In my view, this second limit undoubtedly catches any additional floorspace created by, for example, inserting a mezzanine floor. The effect of these provisions is that the total floorspace of a LARGER dwellinghouse or dwellinghouses on any one established agricultural unit (including additional floorspace created by adding a mezzanine floor or by any similar device within the envelope of the pre-existing building) must not exceed 465 sq m in total.

This does, however, still allow for additional floorspace in the form of SMALLER dwellinghouses and, for the reason I have previously explained in comments on another blog post on this subject on 3 April (Class Q revisited), one LARGER dwellinghouse can be combined with up to four SMALLER dwellinghouses in total, so as to produce a grand total of 865 sq m of residential floorapce within a single agricultural unit. (Other combinations of larger and smaller dwellinghouses are possible, but would produce a smaller cumulative total of residential floorspace.)

Lee said...

Sorry what I meant was...

They all say the maximum under the new revised policy is 465 and not 865

And none of them say that the inclusion of any new mezzanine floors would eat into these figures.
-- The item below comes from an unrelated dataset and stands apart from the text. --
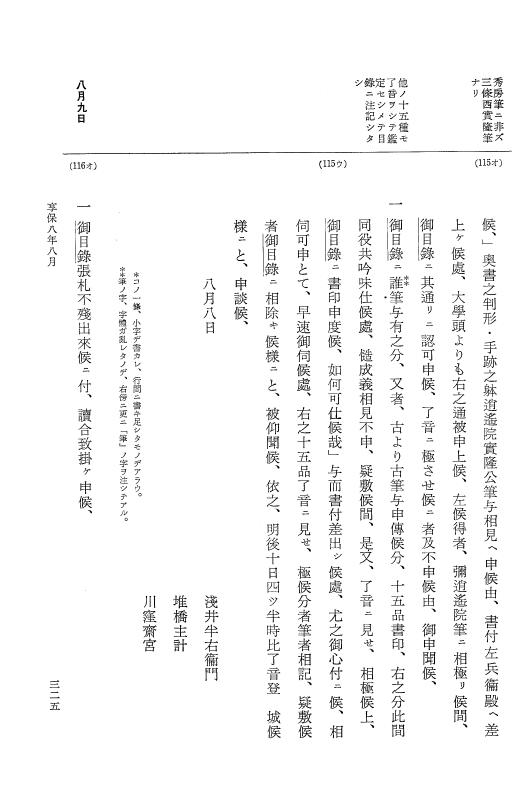 『大日本近世史料』 幕府書物方日記 4 享保７年～同８年 p.325
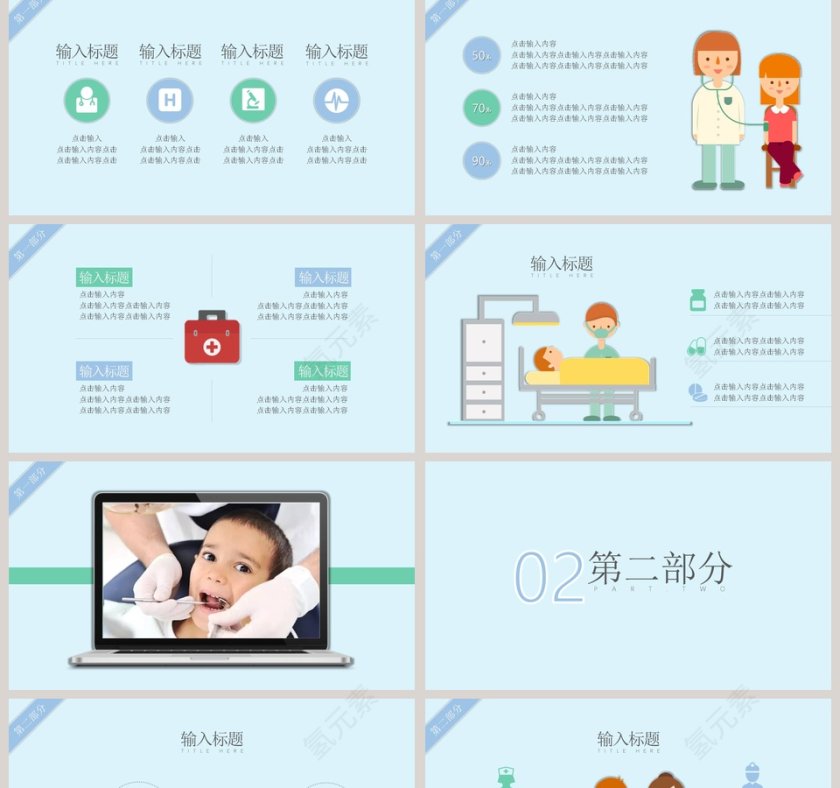 儿童护理通用PPT模板婴儿儿童护理动态PPT第2张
Which is what you say in your kind reply.

Ivan Drago said...

Hi Martin,

Thanks for the update, useful as ever.

Any updates on whether the exclusion of ‘external structural alterations’ in the revised PPG now means both internal and external structural additions are allowable, and LPA’s would rely solely on a consideration of whether the proposal could be described as a ‘conversion’ (Hibbett)?

Thanks

Ivan

Martin H Goodall LARTPI said...

In answer to Ivan Drago – Unfortunately, the latest revision of paragraph 105 in the PPG still does not make it clear precisely where the line is to be drawn between building operations that fall within the scope of Class Q, and those that fall outside it.

What is clear, however, is that MHCLG now accepts that internal works can be carried out, by virtue of section 55(2)(a) of the 1990 Act, and these can include new floors, including mezzanine floor. These works do not in fact form any part of the building operations covered by Class Q(b), because they do not represent development at all (although any extra floorspace created by the addition of a mezzanine will count towards the limitation of the cumulative total floorspace in paragraph Q.1(d)(i)).

The Ministry has also dropped its earlier assertion that it is not the intention of the permitted development right to include the construction of new structural elements of the building [because if these are purely internal they are covered by section 55(2)(a)] and so that they no longer assert that it is only where the existing building is structurally strong enough to take the loading which comes from the external works that the building would be considered to have the permitted development right.

Paragraph 105 still states, however, that it is not the intention of the permitted development right to allow rebuilding work which would go beyond what is reasonably necessary for the conversion of the building to residential use, so that it is only where the existing building is already suitable for conversion to residential use that the building would be considered to have the permitted development right.

This is derived from the basic principle that the PD right is for the conversion of the building to residential use, and not for its substantial reconstruction. This is the key to the statement that the right assumes that the agricultural building is capable of functioning as a dwelling. As para 105 puts it, it is not the intention of the permitted development right to allow rebuilding work which would go beyond what is reasonably necessary for the conversion of the building to residential use.

This is the relevance of the Hibbitt judgment, to which the paragraph refers. The judge in that case drew a distinction between “conversion” on the one hand and “rebuilding” on the other.

The problem is that the judgement that has to be made is ‘a matter of fact and degree’, which is entirely dependent on the circumstances of the particular development in question, and there is still a question mark over the extent to which the proposed building operations can be said to be “reasonably necessary necessary for the building to function as a dwelling house”.